Click the arrow to watch the film. Video source: The Digital Implosion YouTube channel.
This week's Retro Saturday film is a 1947 War Department documentary titled, V-2 Assembling and Testing.
The V-2's ancestry descends directly into Cape Canaveral Air Force Station.
At the end of World War II, Dr. Wernher von Braun and his team of German scientists surrendered to the U.S. Army. They showed the Army where to find hidden parts of the V-2 “Vengeance” rocket, known formally as the A-4.
Von Braun and his team were sent with the V-2 parts to the White Sands Proving Ground in New Mexico to continue their research, and teach Americans what they knew about liquid-fueled rocketry.
Once the V-2 tests began to outgrow the limits of White Sands, the Defense Department chose to reopen the former Banana River Naval Air Station bombing range on Cape Canaveral. It was originally named the Joint Long Range Proving Ground. The first four pads, just concrete slabs, were built on the tip of the Cape so the rockets could launch out over the ocean.
The first launch was Bumper 8, a modified V-2 with a WAC Corporal upper stage, from Pad 3 on July 24, 1950.

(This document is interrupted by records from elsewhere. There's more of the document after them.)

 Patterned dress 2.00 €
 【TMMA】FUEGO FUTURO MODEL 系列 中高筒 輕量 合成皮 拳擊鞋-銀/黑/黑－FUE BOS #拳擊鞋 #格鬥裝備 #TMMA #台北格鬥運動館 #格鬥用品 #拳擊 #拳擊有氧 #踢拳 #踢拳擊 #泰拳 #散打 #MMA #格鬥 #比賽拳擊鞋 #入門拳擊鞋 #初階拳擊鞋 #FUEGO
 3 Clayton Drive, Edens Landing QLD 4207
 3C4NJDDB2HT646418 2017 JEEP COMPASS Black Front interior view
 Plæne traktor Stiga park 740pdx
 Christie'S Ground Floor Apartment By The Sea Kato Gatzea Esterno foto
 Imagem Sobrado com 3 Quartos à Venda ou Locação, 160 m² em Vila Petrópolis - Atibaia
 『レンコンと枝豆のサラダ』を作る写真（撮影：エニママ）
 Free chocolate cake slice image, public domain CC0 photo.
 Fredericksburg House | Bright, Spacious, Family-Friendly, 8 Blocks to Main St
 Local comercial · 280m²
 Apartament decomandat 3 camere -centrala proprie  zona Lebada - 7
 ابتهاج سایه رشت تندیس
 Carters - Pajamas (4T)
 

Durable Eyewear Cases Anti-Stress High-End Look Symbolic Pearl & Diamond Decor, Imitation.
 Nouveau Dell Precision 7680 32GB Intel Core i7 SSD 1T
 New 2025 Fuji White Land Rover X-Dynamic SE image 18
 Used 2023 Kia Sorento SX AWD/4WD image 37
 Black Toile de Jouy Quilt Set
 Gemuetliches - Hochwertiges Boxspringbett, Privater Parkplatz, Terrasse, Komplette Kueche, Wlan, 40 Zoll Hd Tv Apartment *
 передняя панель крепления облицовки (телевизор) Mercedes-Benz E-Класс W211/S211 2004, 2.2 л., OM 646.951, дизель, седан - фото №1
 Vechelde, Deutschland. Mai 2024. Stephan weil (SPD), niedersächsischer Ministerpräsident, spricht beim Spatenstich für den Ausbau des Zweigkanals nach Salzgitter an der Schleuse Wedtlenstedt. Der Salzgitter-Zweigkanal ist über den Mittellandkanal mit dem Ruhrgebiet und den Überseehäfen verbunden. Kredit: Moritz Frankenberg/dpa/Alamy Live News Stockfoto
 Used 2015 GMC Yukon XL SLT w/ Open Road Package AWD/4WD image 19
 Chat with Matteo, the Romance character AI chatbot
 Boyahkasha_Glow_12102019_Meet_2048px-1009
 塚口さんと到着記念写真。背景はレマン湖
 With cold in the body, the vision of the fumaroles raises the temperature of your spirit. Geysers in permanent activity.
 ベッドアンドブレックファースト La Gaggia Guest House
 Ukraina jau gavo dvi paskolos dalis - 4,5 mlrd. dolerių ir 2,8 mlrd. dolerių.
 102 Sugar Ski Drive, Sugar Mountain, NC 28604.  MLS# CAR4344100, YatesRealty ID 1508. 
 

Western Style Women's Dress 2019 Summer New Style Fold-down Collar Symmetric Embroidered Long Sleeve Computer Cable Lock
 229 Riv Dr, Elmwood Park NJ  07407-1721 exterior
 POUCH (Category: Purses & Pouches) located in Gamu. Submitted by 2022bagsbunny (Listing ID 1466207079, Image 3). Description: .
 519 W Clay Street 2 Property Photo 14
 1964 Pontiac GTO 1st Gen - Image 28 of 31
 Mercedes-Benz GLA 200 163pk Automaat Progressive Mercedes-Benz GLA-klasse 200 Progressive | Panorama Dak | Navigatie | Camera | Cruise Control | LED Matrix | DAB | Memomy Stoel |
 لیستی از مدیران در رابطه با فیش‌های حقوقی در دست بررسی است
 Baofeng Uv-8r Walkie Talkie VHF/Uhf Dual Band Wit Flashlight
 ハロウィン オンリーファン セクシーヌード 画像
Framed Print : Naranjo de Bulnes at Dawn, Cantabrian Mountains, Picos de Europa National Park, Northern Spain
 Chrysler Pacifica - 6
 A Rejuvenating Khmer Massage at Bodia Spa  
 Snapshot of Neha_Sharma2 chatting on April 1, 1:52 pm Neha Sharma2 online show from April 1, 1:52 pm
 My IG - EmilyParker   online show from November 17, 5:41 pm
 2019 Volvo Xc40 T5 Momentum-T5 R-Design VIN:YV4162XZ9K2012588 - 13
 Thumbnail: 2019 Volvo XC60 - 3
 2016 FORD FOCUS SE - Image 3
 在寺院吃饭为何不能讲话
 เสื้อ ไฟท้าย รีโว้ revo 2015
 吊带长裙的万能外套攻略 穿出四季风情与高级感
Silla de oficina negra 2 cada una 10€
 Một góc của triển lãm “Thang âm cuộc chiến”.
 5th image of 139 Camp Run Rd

Von Braun and his team began development of a next-generation vehicle called Redstone, after their new home at the Redstone Arsenal in Huntsville, Alabama. The earliest Redstone launch attempts were from Pad 4 in late 1953.
Although its German origins are acknowledged at the beginning of the documentary, neither von Braun nor his team appear in the film. Most likely, it was because this was a time when the Germans were still viewed with suspicion by their American counterparts and they did not want to acknowledge to the public that former Nazis were integral to the nation's nascent rocket program.